Ya no volverán aquellas infinitas tardes de verano viviendo aventuras en el pueblo. Esos días en los que uno no paraba de meterse en líos junto a sus primos. Éramos unos pequeños salvajes disfrutando de la libertad que proporcionaba cambiar de la ciudad al campo durante unas semanas cada verano. Eran unas semanas de reunión con la familia y disfrutar del verano: jugábamos en el barro, montábamos las antiguas bicicletas de nuestros padres, rescatábamos animales, íbamos a bañarnos al río…

Guardo unos bonitos recuerdos de aquella época y gracias a ellos conservo unos lazos muy fuertes con toda la familia. Apenas nos vemos unas pocas veces al año pero cuando nos juntamos es casi como si el tiempo no hubiese pasado. Sin embargo, ahora veo a mis primos más pequeños, en la edad que yo debía tener por aquel entonces, que no se despegan de una pantalla, ya sea de un móvil, de una videoconsola o de un ordenador portátil. No saben qué es ir en bicicleta por la noche para ver estrellas fugaces o lo que es luchar con palos de madera a modo de espadas contra seres imaginarios. Y no es porque ellos o sus padres sean diferentes, sino porque el estilo de vida ha cambiado. Apenas quedan unos pocos habitantes en el pueblo, la casa familiar lleva varios años deshabitada… La vida es casi completamente urbanita. El ritmo de vida de las megalópolis reduce el contacto directo con la naturaleza a esporádicos viajes los fines de semana. La forma de pensar cambia y prefieren pasar el tiempo libre frente a una pantalla o en un centro comercial.

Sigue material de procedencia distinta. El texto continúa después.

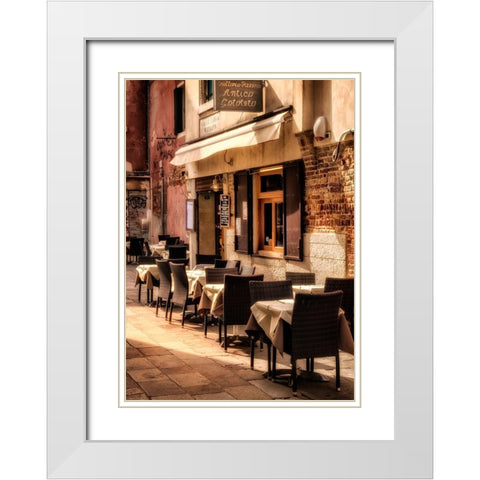 Coffee Time White Modern Wood Framed Art Print with Double Matting by Head, Danny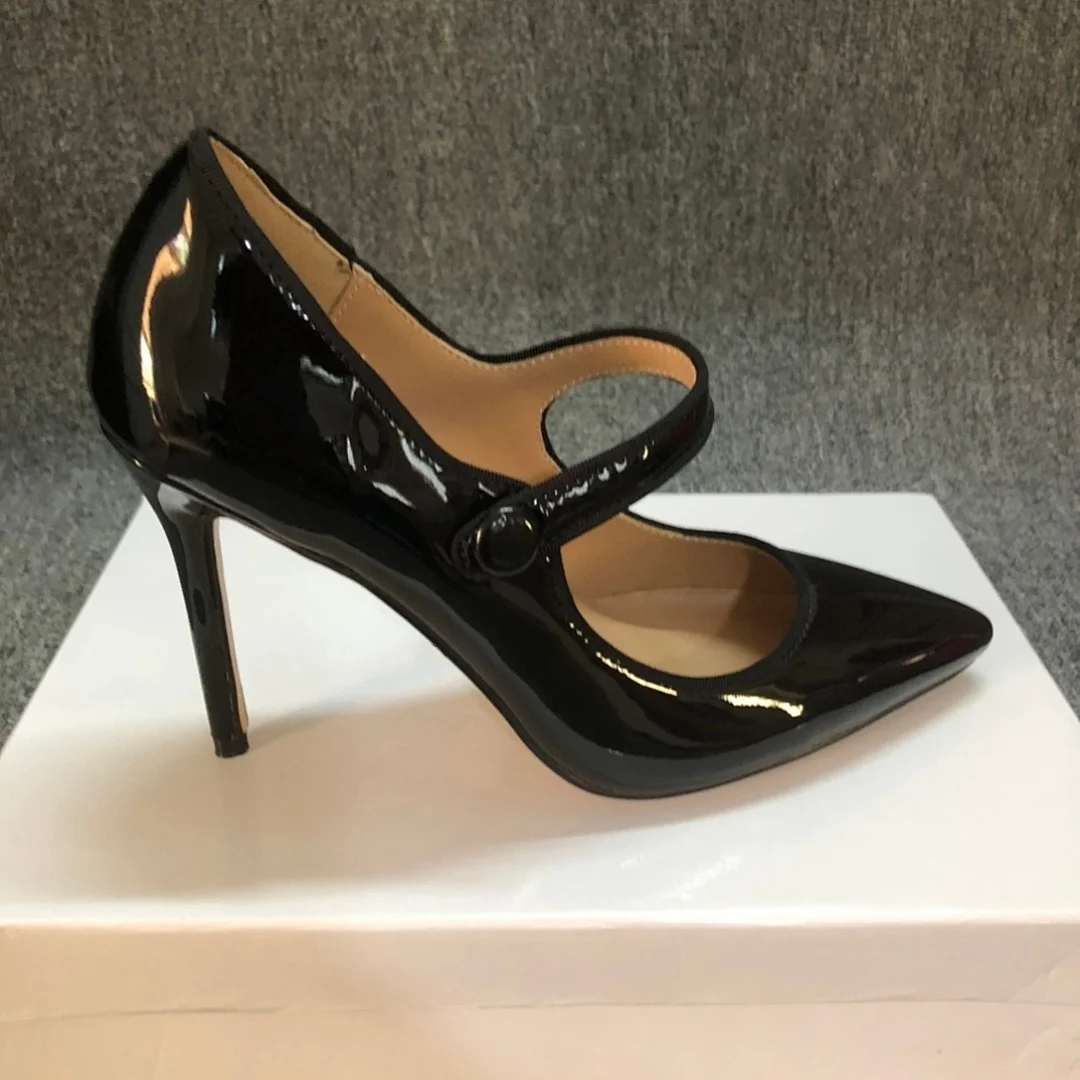 

Black Patent Leather Women’s Single Shoes Pointed Toe Hook Loop Pumps Female 6-12cm High Heels Classics Office Lady Party Dress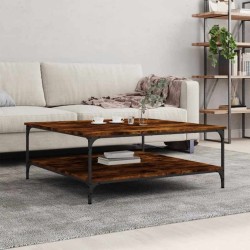 Table basse chêne fumé 100x100x40 cm bois d'ingénierie 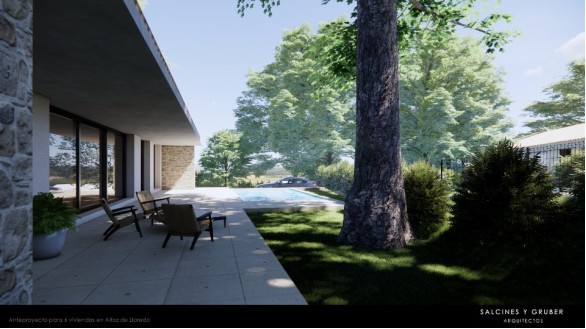 Render del porche cubierto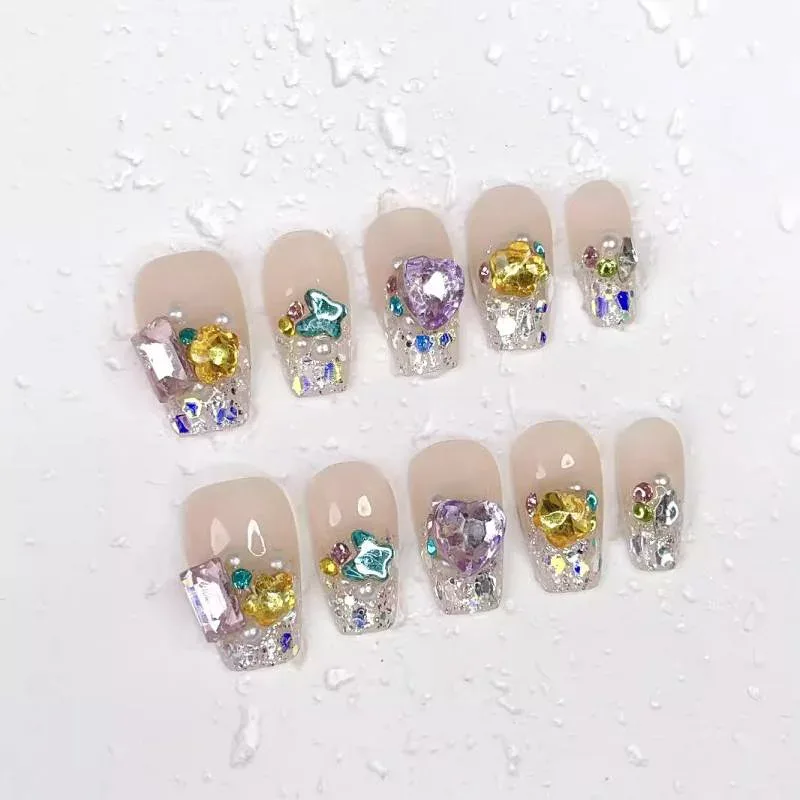 シルバーネイルチップ レディース つけ爪 ネイルアート ハンドメイド キャンディソーダ キラキラ グリッター ラインストーン 高級感 ジェルネイル ロング ハート 蝶 バタフライ 付け爪 ネイルパーツ かわいい おしゃれ 普段使い デート パーテ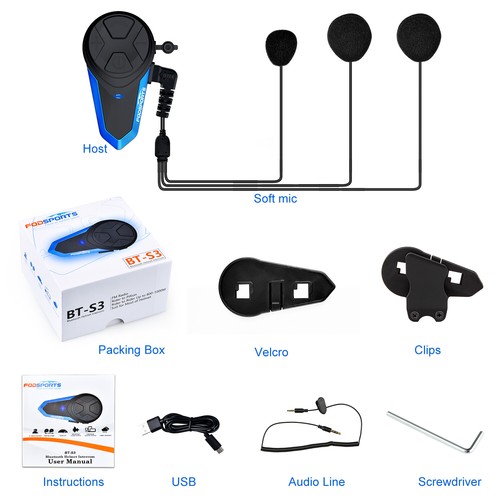 1KM 2Way Intercom Motorcycle Bluetooth 5.0 Helmet Headset Moto Interphone +FM - Picture 39 of 82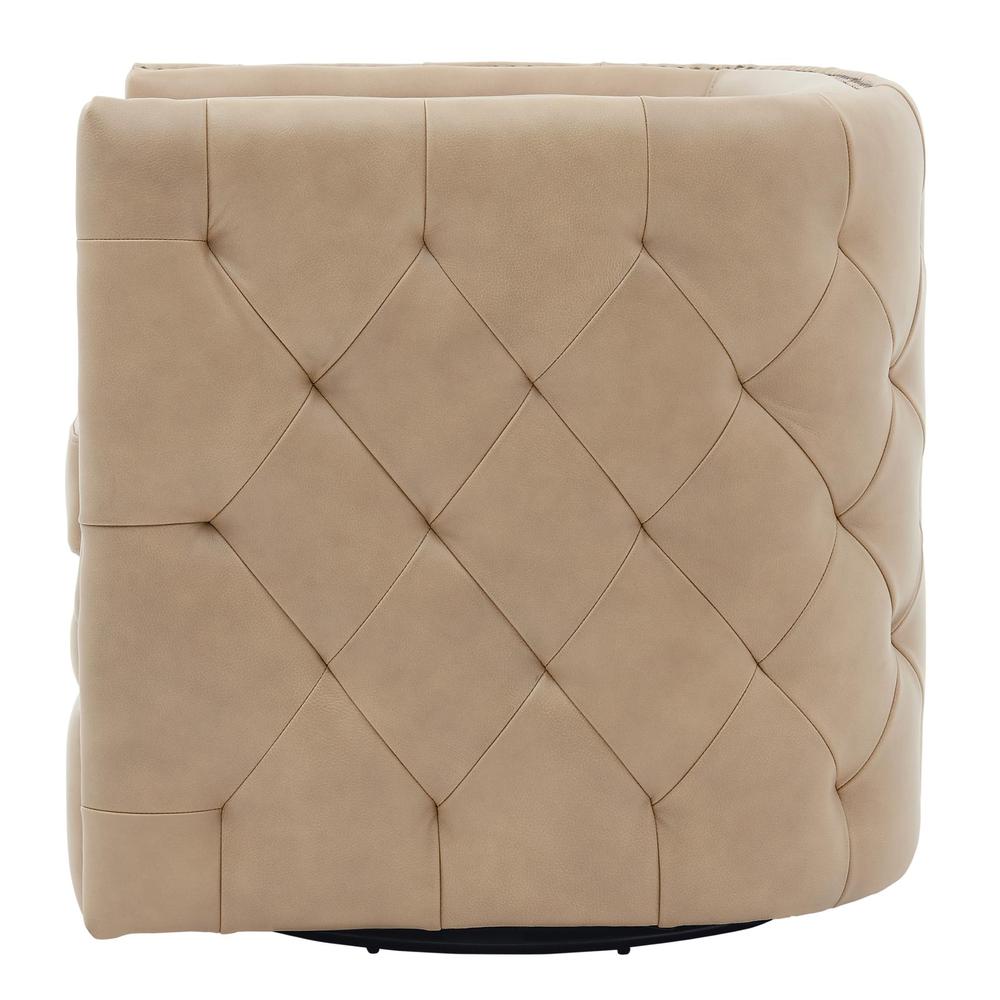 Leslie Top Grain Leather Swivel Tufted Chair. Picture 3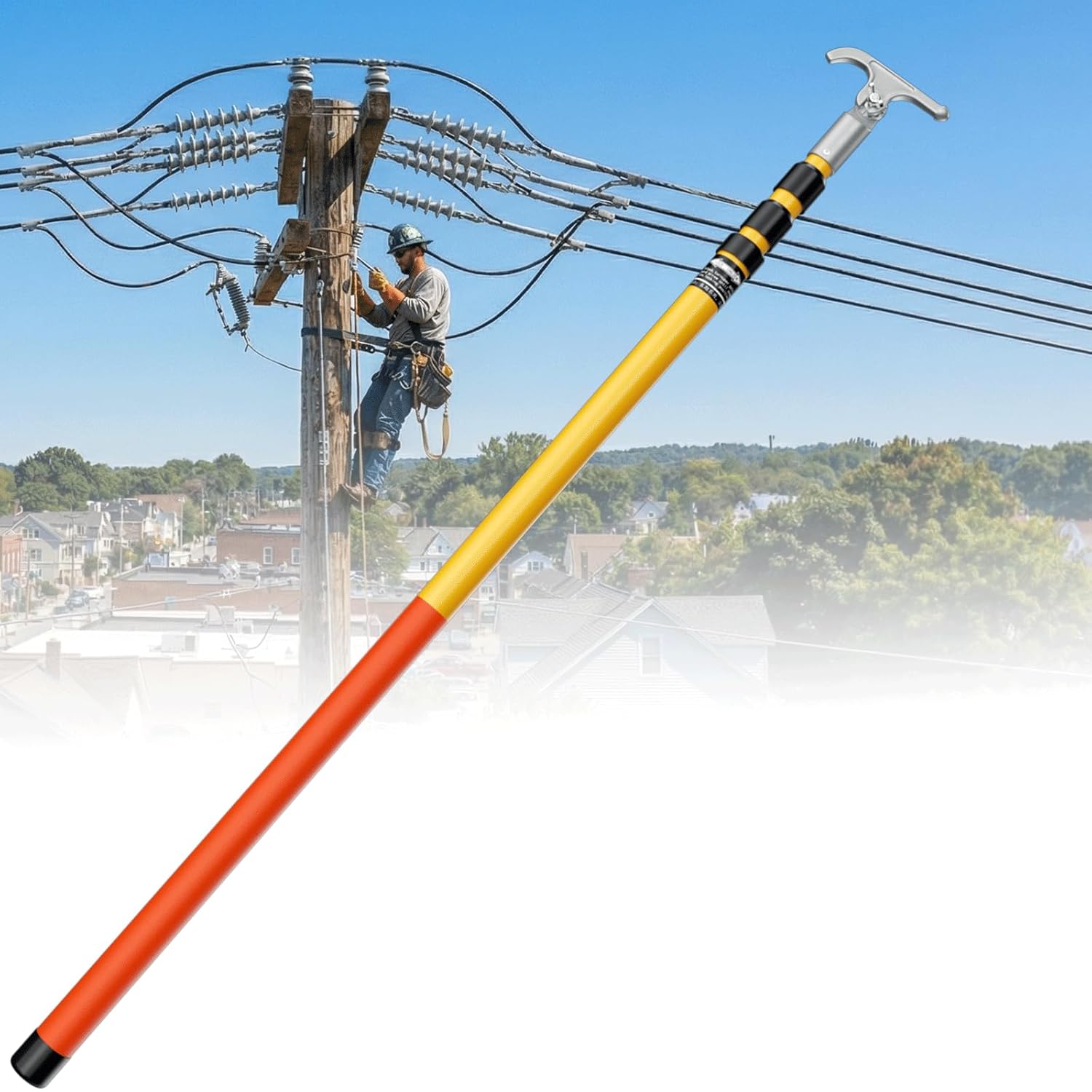 13.2FT Extendable Hot Stick, Compliant with ASTM F711 Standard, 35Kv Rated High Voltage Insulated Glass Fiber Rods for Line Workers, Substation & On-Site Power Safety Operations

Quizás ahora, debido a la situación global que estamos sufriendo, se haya invertido ligeramente la tendencia del éxodo rural. Puede que alejarse de los grandes núcleos de población sea la oportunidad de reencontrar la felicidad basada en las cosas más sencillas. Hemos olvidado que para ser felices tenemos que vivir en el mundo, tropezarnos, hacernos heridas y mancharnos, en vez de verlo a través de la pantalla de nuestro ordenador.